BEGIN AVAILABLE DATA

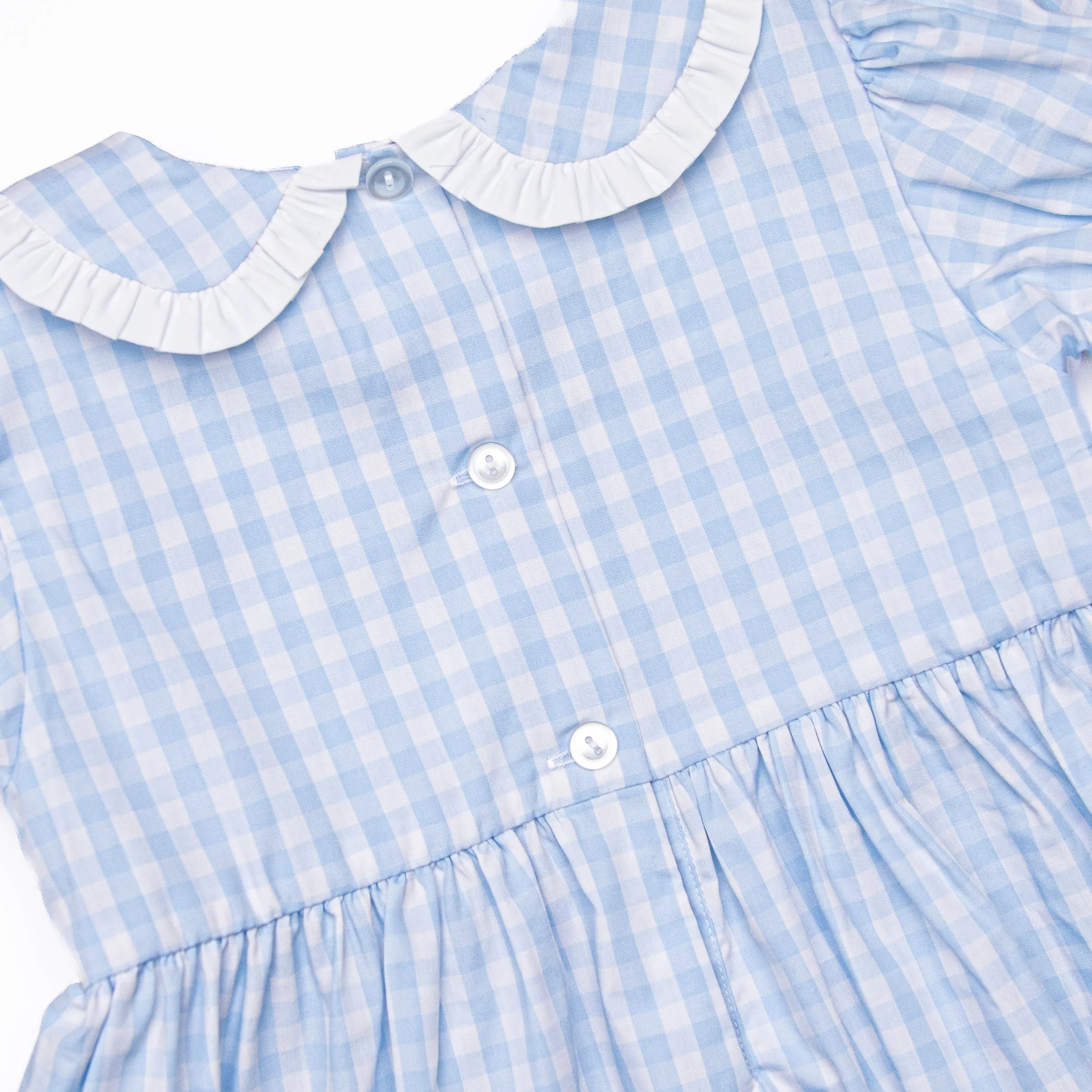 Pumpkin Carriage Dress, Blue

END AVAILABLE DATA
BEGIN AVAILABLE DATA

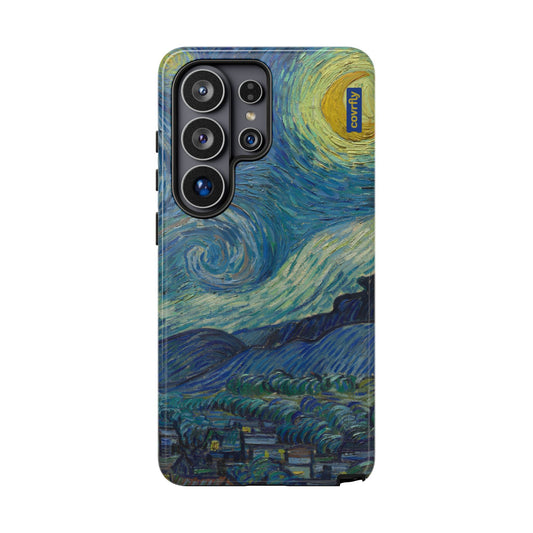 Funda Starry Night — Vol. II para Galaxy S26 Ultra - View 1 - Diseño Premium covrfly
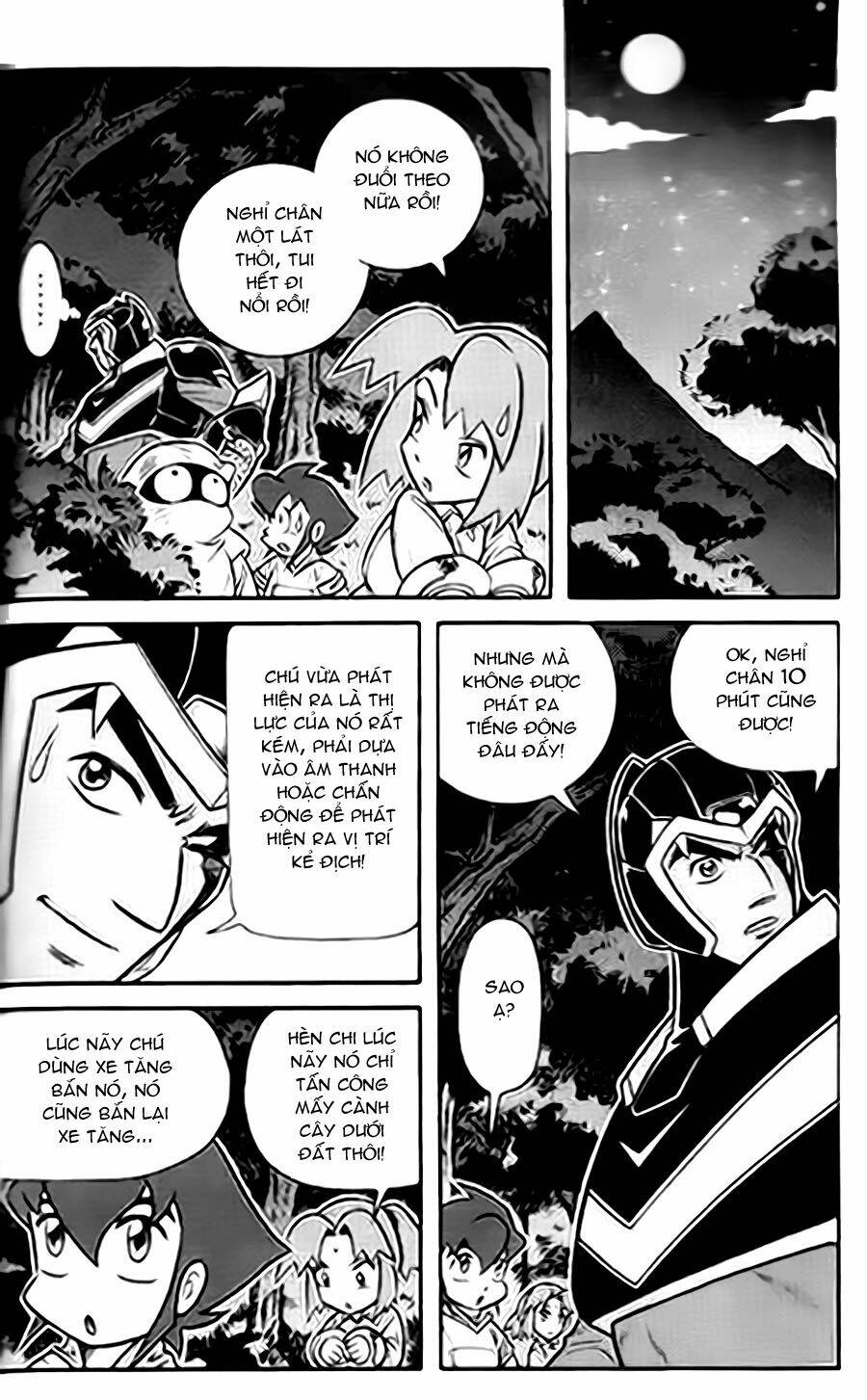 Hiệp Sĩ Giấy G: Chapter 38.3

END AVAILABLE DATA
BEGIN AVAILABLE DATA

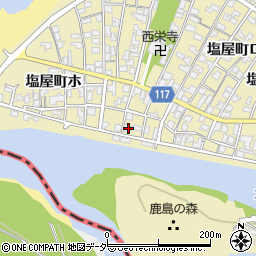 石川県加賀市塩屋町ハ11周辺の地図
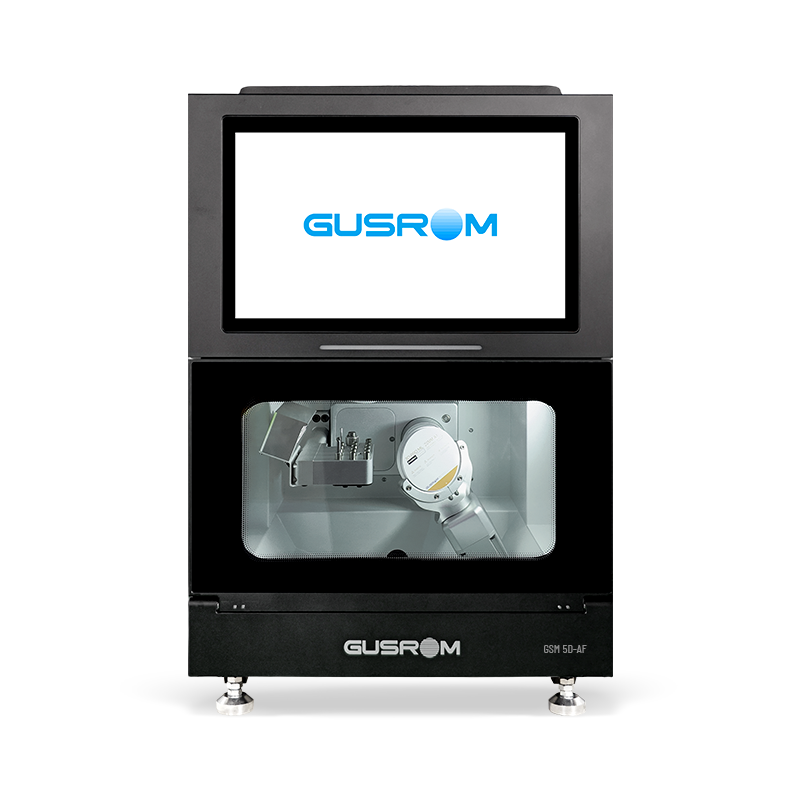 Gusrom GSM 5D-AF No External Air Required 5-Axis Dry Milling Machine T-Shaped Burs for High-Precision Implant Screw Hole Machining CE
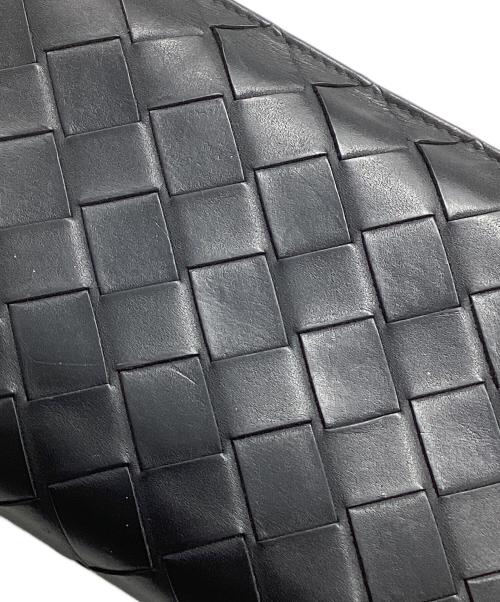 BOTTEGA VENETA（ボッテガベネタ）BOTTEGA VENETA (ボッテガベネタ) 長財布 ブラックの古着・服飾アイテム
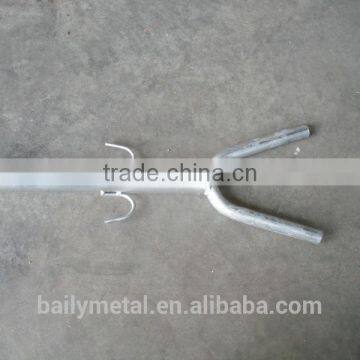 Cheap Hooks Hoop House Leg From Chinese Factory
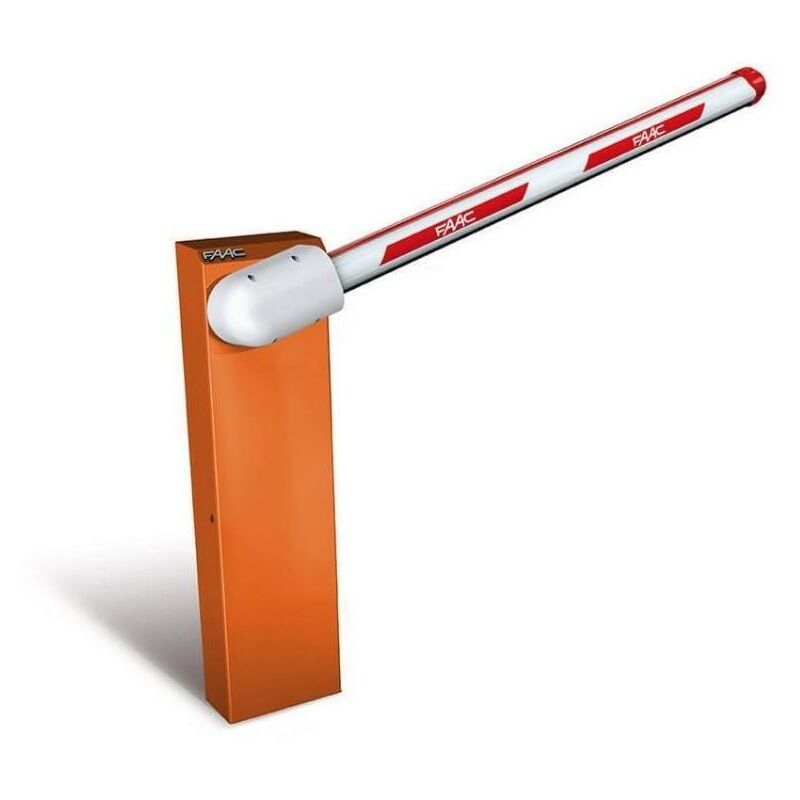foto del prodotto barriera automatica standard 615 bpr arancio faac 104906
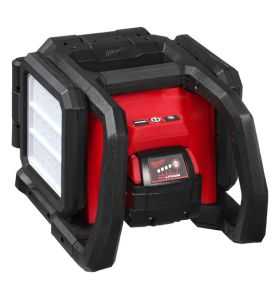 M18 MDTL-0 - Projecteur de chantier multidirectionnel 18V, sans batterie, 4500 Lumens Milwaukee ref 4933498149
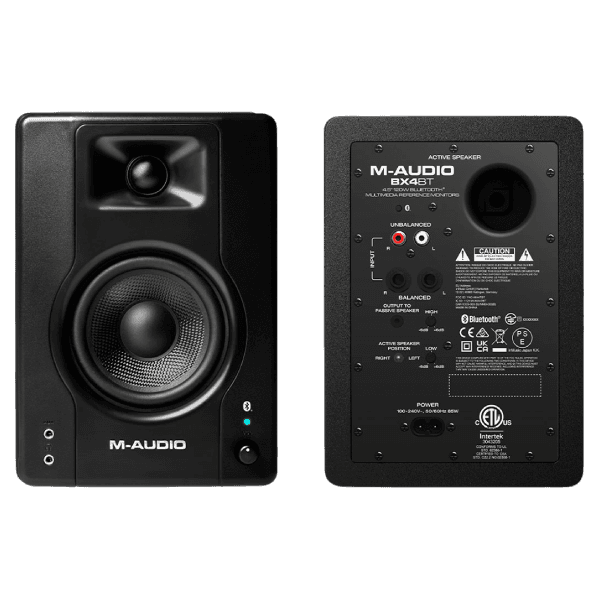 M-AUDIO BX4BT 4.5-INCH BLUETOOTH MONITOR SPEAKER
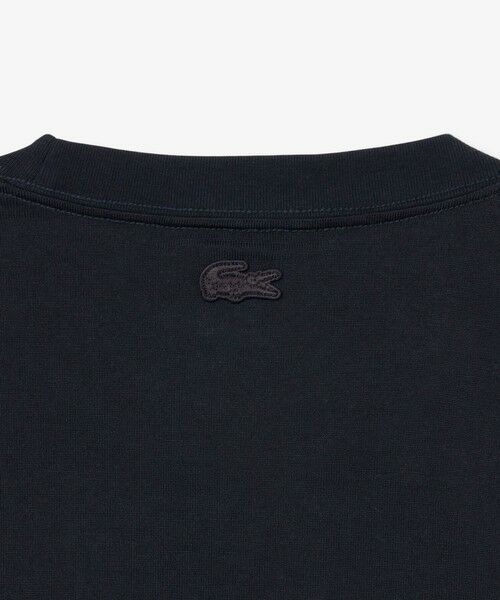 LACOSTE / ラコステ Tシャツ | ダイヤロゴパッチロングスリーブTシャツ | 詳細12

END AVAILABLE DATA

REQUIRED ACTION
Give again, exactly as written above, each line from the one that has "M18 MDTL-0 - Projecteur" to the one that has "LACOSTE / ラコステ", both included; omit the pictures.

SOLUTION TO THE EXERCISE
 M18 MDTL-0 - Projecteur de chantier multidirectionnel 18V, sans batterie, 4500 Lumens Milwaukee ref 4933498149
 M-AUDIO BX4BT 4.5-INCH BLUETOOTH MONITOR SPEAKER
 LACOSTE / ラコステ Tシャツ | ダイヤロゴパッチロングスリーブTシャツ | 詳細12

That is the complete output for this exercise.